Phylogenetic trees of the RdRp, CP and RTD sequences of viruses of the family Luteoviridae also supported that PeVYV is a member of the genus Polerovirus (Fig. 1). Analysis of RdRp and CP sequences showed that PeVYV was closely related to TVDV, whereas an RTD analysis suggested that PeVYV was only distantly related to TVDV. Based on amino acid sequence identities for ORFs 0-3, the closest relative of PeVYV was TVDV (75.9-91.9%), but ORF5 of TVDV has only 25.1% amino acid identity to that of PeVYV. One of the species demarcation criteria for viruses of the family Luteoviridae is that differences in amino acid sequences of any gene product must be greater than 10% [2]. In addition, a previous transmission test [13] showed that PeVYV did not infect tobacco plants. These observations indicate that PeVYV belongs to a distinct species in the genus Polerovirus.

Fig. 1
figure 1

Relationship of PeVYV to members of the genera Luteovirus, Polerovirus and Enamovirus using amino acid sequences of the RNA-dependent RNA polymerase (RdRp, a), the coat protein (CP, b) and the readthrough domain (RTD, c).

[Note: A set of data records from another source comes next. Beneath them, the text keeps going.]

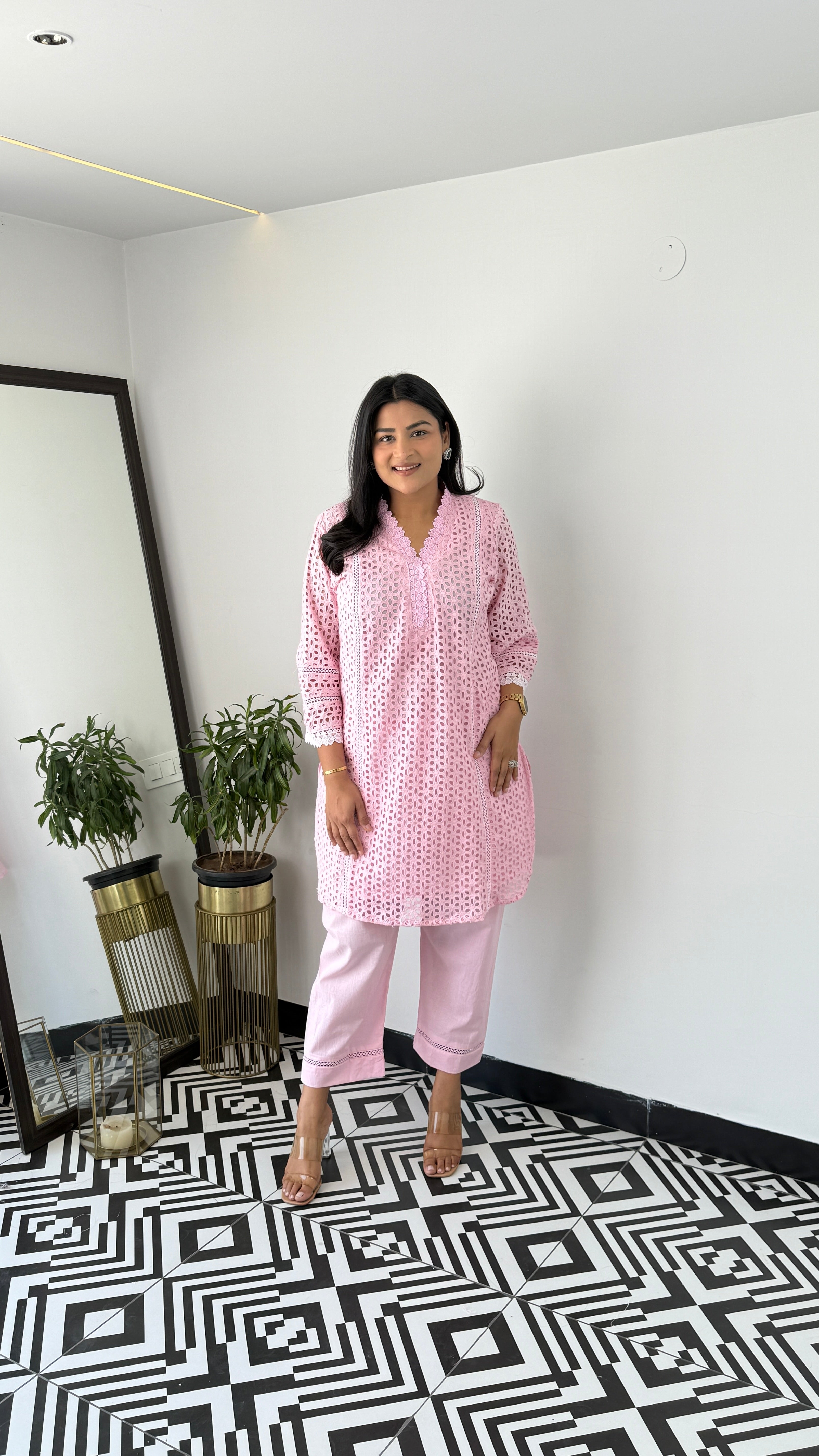 Pink Schifli Cord Set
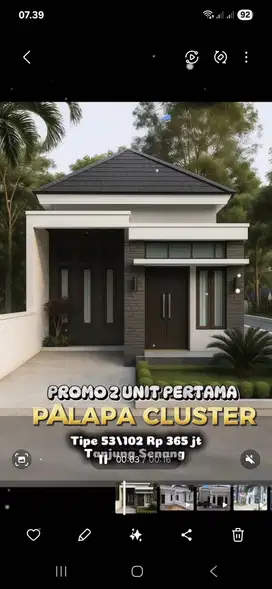 RUMAH CLUSTER MURAH DI PUSAT KOTA BANDAR LAMPUNG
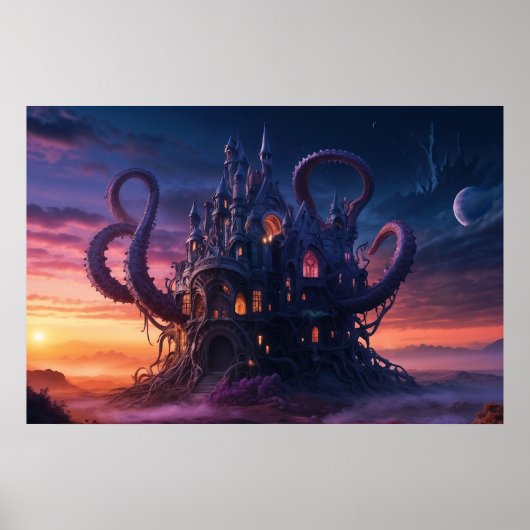 Cosmic Castle aus Eons langer Vergangenheit Poster (Vorne)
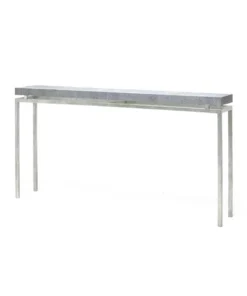 Made Goods Benjamin Narrow Console Table Silver New Arrivals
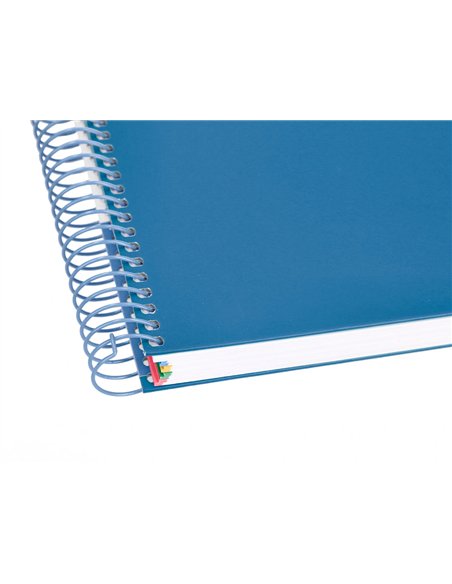 Cahier spirale antartik a5 14,8x21cm 240p 90g/m2 5x5mm 6 trous coil-lock coloris bleu marine.
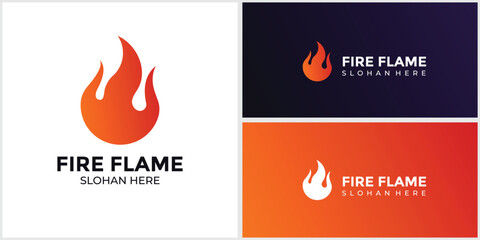 flame logo burning gradient colors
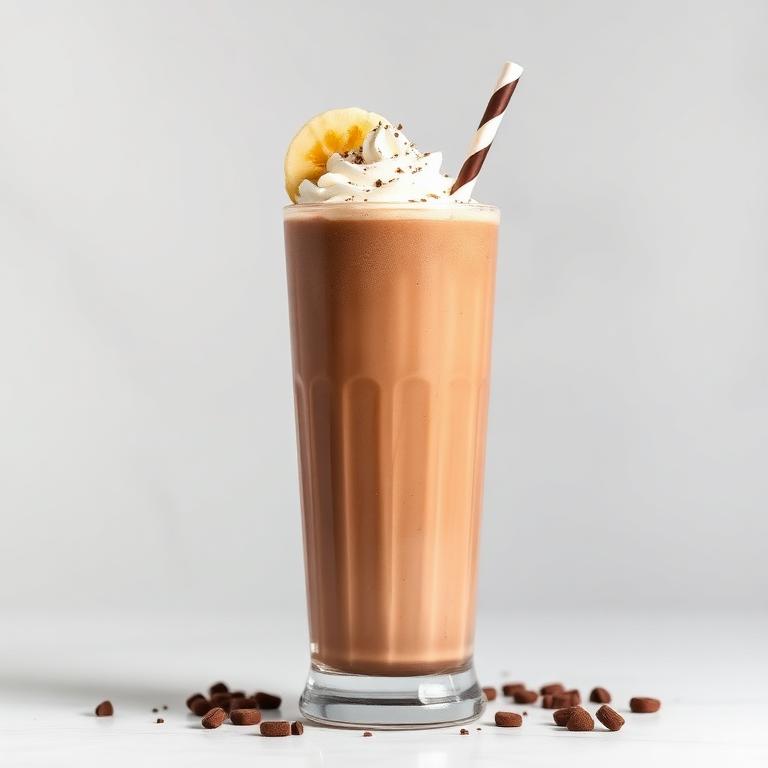 Chocolate Banana Milkshake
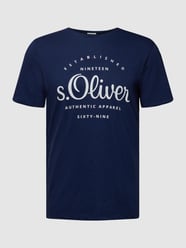 T-Shirt mit Label-Print von s.Oliver RED LABEL - 3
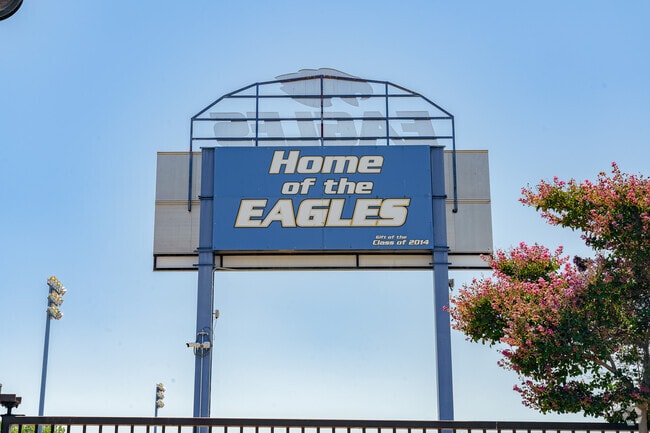 Bakersfield Christian High School is the home of the Eagles.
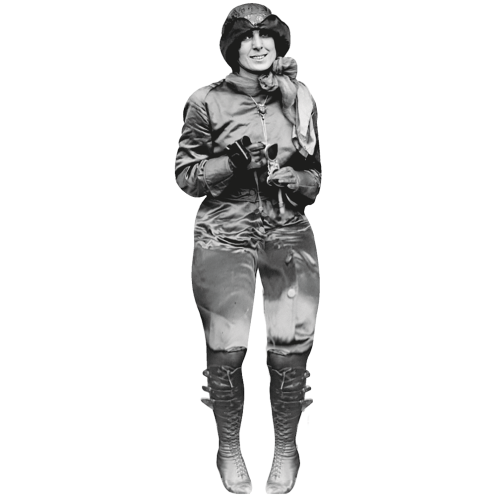 Harriet Quimby April 16 1912 Aviator Cardboard Cutout
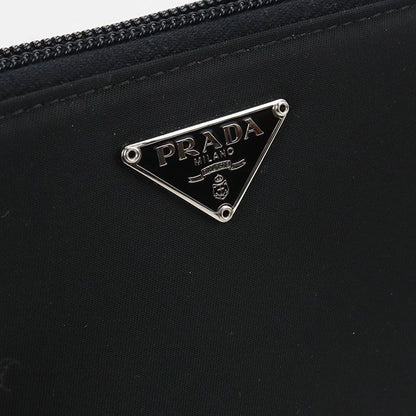 Prada Zip Around Triangle Wallet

The complete genome sequences of the viruses were obtained from GenBank, and pepper yellow curl virus (PYLCV, accession number HM439608) and pepper yellows virus (PYV, FN600344) were also included in the CP analysis. Amino acid sequences were aligned using MUSCLE [4], and maximum-likelihood phylogenetic trees were constructed with PhyML [8] with the best-fit models of amino acid substitution selected by ProtTest [1], as judged by the Akaike information criterion. The models employed were LG+G+F for RdRp and LG+G for CP and RTD, respectively. Numbers on branches indicate bootstrap support values for 1,000 replicates, and values less than 50% are not shown. In panel a, the horizontal lines between luteoviruses and poleroviruses were shortened to one-fifth, and the line between poleroviruses and enamovirus was shortened to one-half. The virus abbreviations and accession numbers are as follows: BYDV-GAV, barley yellow dwarf virus-GAV, NC_004666; BYDY-MAV, barley yellow dwarf virus-MAV, NC_003680; BYDV-PAS, barley yellow dwarf virus-PAS, NC_002160; BYDY-PAV, barley yellow dwarf virus-PAV, NC_004750; BChV, beet chlorosis virus, NC_002766; BLRV, bean leafroll virus, NC_003369; BMYV, beet mild yellowing virus, NC_003491; BWYV, beet western yellows virus, NC_004756; CABYV, cucurbit aphid-borne yellows virus, NC_003688; CpCSV, chickpea chlorotic stunt virus, NC_008249; CtRLV, carrot red leaf virus, NC_006265; CYDV-RPS, cereal yellow dwarf virus-RPS, NC_002198; CYDV-RPV, cereal yellow dwarf virus-RPV, NC_004751; MABYV, melon aphid-borne yellows virus, NC_010809; PEMV, pea enation mosaic virus-1, NC_003629; PLRV, potato leafroll virus, NC_001747; RSDaV, rose spring dwarf-associated virus, NC_010806; SbDV, soybean dwarf virus, NC_003056; ScYLV, sugarcane yellow leaf virus, NC_000874; TuYV, turnip yellows virus, NC_003743; TVDV, tobacco vein distorting virus, NC_010732; WYDV-GPV, wheat yellow dwarf virus-GPV, NC_012931

Recently, partial genome sequences of polerovirus isolates from pepper have been reported from Israel [3] (PYLCV, accession number HM439608) and from Turkey (pepper yellows virus, PYV, FN600344). The available nt sequence of PYLCV had 93.4% identity with nt 3815-4252 of PeVYV, and that of PYV was 94.7% identical to nt 2613-4242 of PeVYV. The partial ORFs (ORFs 2, 3 and 4) of PYLCV and PYV showed 93-98% amino acid sequence identity to those of PeVYV. Thus, these two viruses appear to be geographic variants of PeVYV, all of which might form a new polerovirus species.